A later trip synopsis provides a good descriptor of the geography: “…reaching the Big Blackfoot, we crossed to its left bank on the first and second (of July) by means of a wagon-boat and a small bateau…Our location up the Hell’s Gate this season involved eleven crossings of this stream in fifty miles; the first was ferried; the rest forded. This stream is from one hundred and fifty to two hundred and fifty feet broad; its current rapid, and its course very serpentine over the distance that we followed it. Its valley is from one to four miles broad, and mostly timbered with open pine….We reached no point of much difficulty until making the eleventh crossing of the Hell’s Gate, where a spur involved a cutting of half a mile to enable us to pass it. This was completed by the ninth of July, when with rapid marches we hurried forward to the mouth of Gold creek…The upper portion of the valley of Flint Creek may be found suited to agriculture.”
After the first exploration and clearing of a route between Walla Walla and Fort Benton, Mullan was transferred to a command position in the east during the Indian Wars. When he returned to the area, in 1859, his focus was no longer on the railroad but to develop a Military Road. Mullan was able to lobby Congress for $30,000 and set about this task. Mullan sent men out to various spots where they made camp and worked all winter on their designated area.
Mullan then set out to review his road and determine mileage and the dollars he needed to appropriate from Congress to finish paying for the road. This journey began in 1860 and was very different than his 1853 -54 trips as the land was now becoming settled. The daily journal details the geography all the way from Walla Walla.
This article will quote only those days from Missoula through Granite county: Twenty eighth day-Move to Higgin’s and Worden’s store, at Hell Gate (Missoula),…road excellent, wood water and grass here; good place to rest animals for a day or two; blacksmith shop at Van Dorn’s and supplies of all kinds can be obtained, dry goods, groceries, beef, vegetables and fresh animals if needed. Twenty ninth day- Move to Blackfoot bridge, eleven miles; road good; wood water and grass abundant. Thirtieth day- Move to Campbell’s camp, fifteen miles; road excellent; good wood, water and grass abound. Thirty first day- Move to Lannon’s camp, nine miles; road excellent; may have to double team to Beaver Tail Butte; wood, water and grass abundant (near present day Bearmouth). Thirty second day- Move eleven miles to Lyon’s creek, crossing enroute Hells Gate Bridge; road good; wood water and grass at camp (south side of the river following the current Mullan Road). Thirty third day- Move to Flint Creek, distance eleven miles; road somewhat hilly but still not steep; wood water and grass at camp. Thirty fourth day-Move thirteen and one half miles to Gold Creek or American Fork of Hell’s Gate river; road excellent; wood, water and grass at camp. Supplies of all kinds to be had here.”
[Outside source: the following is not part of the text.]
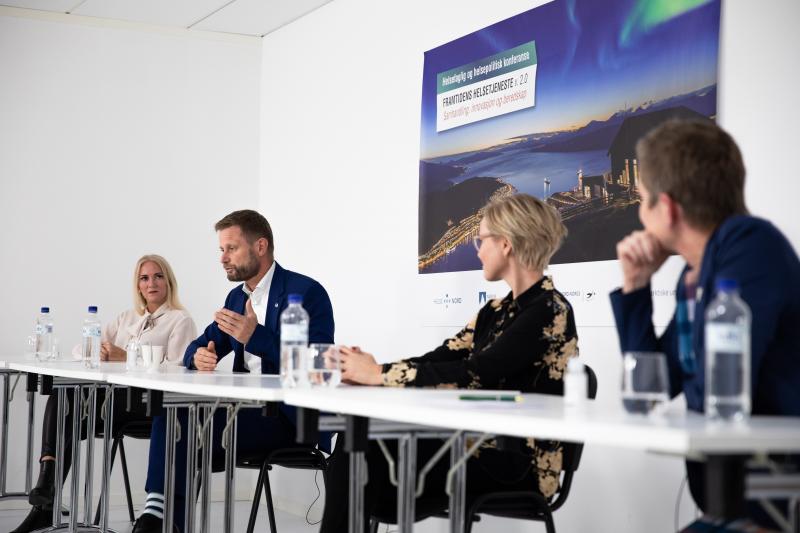 Debatt mellom Lill Sverresdatter Larsen, Bent Høie, Ingvild Kjerkol og Marit Hermansen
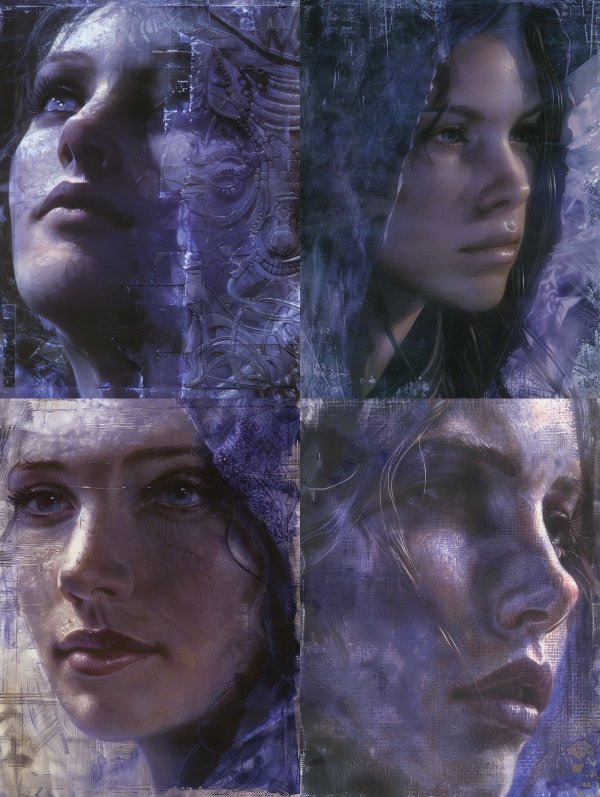 Ethereal Indigo Dream Portraits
The way Mullan measured miles was by running a single wheel with a handle in front of him and knowing how many wheel turns equaled a mile he computed the daily trip. The group arrived at Fort Benton August 1st and on August 7th the first and last major military expedition moved out over the newly completed route.
From then on, although not maintained, gold miners and cattlemen used the trail and in later years, the railroads followed part of the route, as did Highway 10, then interstate 90.